Facts: An informant told police (Detective Lieutenant
Belland) that people were smoking Opium in a room in the Europe
Hotel. The manager was contacted who also said they could smell
it. The police followed to the room and could smell opium from
inside the room outside the door. They knocked, identified
themselves as the police, and the person, the female appellant,
let them in. As soon as she let them in, the police told them to
consider themselves under arrest because they were going to
search the room. The search turned up incriminating opium,
smoking apparatus, the latter being warm, apparently from recent
use. The defendant challenged the search of her home (they were
living in the hotel) as a violation of the rights secured to her
in common with others, by the Fourth Amendment.

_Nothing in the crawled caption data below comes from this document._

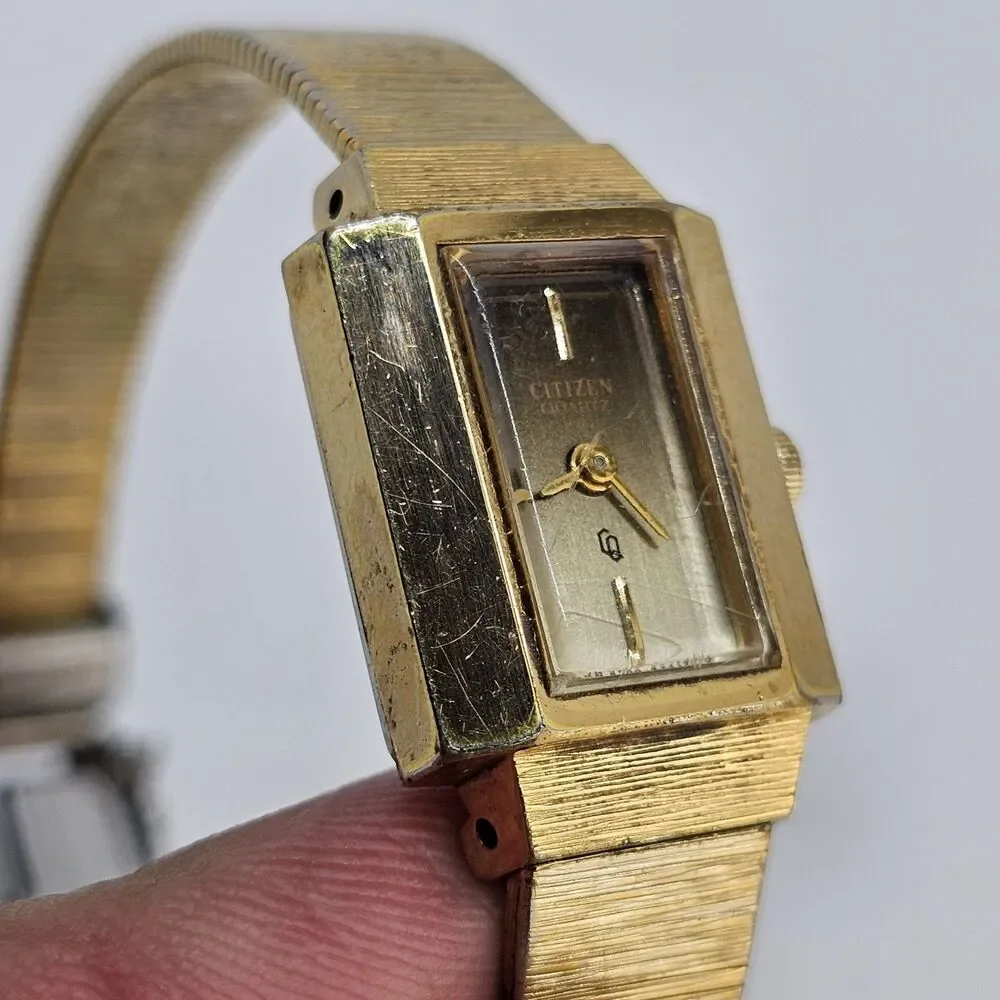 VTG Citizen Women's‎ Watch 16MM Black Gold Dial Gold Band 6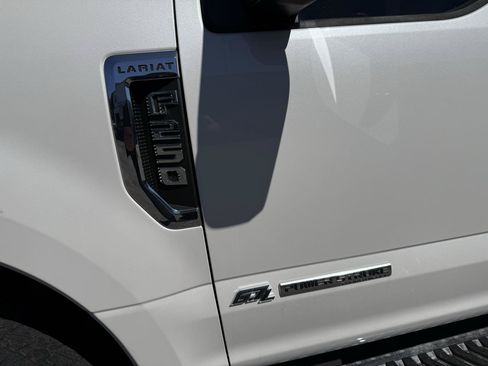 Used 2017 Ford F250 Lariat w/ Chrome Package AWD/4WD image 4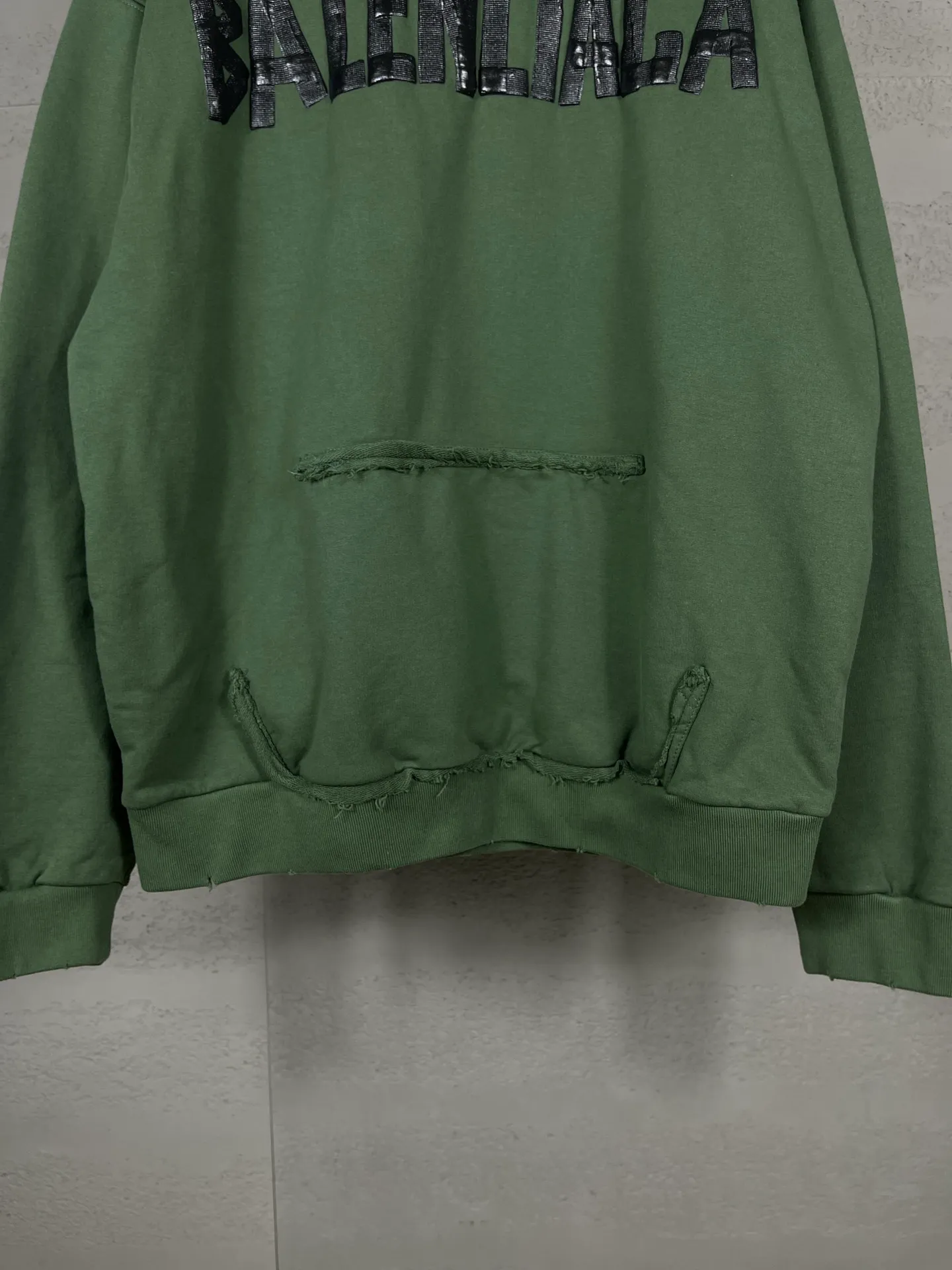 🅿️380 real photos [Top version. Official website quality] BALENCI*GA/Paris. 23ss latest classic hot model. Purchase the original board at the first time. Color. Printing. Washing. Production and authenticity. Wrong version in Jubie market. Welcome to compare. Tape direct printing. Ready-to-wear hooded sweatshirt washed and worn twice. The brick cabinet is synchronized. The fabric is made of Paris ZP custom-woven and dyed cotton sweatshirt. The weight is 450 grams. The cloth surface is clean. The cloth pattern is clear, soft and comfortable, and the threads are dyed with no color difference. The classic pattern adopts Kornit imported direct injection. The letters are clear and the effect is three-dimensional. Restored brick cabinet. The garments were washed and aged, and polished by many hands. Produced by ultra-heavy craftsmanship, special market currency. Note⚠️ZP fabric is made of fine-grained yarn. Pay attention to the big difference! Welcome to compare! The version adopts OS loose shoulder version. The same style for men and women. Code: BL238016 Color: dark gray blue, Paris blue, washed black, burgundy, fluorescent yellow, green, floral gray, sky blue, khaki Size: XS S M L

Issue: Was the arrest unlawful?
Holding: Yes.
Reasoning: Entry to defendan'ts living quarters was
demanded under color of office. It was granted in submission
toauthority rather than as an understanding and intentional
waiver of a constitutional right. At this time, the officers
needed evidence which a judge might have found to be probable
cause for a search warrant. Probable cause must be made by a
judge, not police officers. Police cannot make assumptions to
what a judge would decide, because it would reduce the 4th
Amendment to nullity and leave the people's homes secure only in
the discretion of police officers.
Rule: When the right of provacy must reasonable yield
to the right of search is to be dicided by a judge, not by a
policeman to Government enforcement agent.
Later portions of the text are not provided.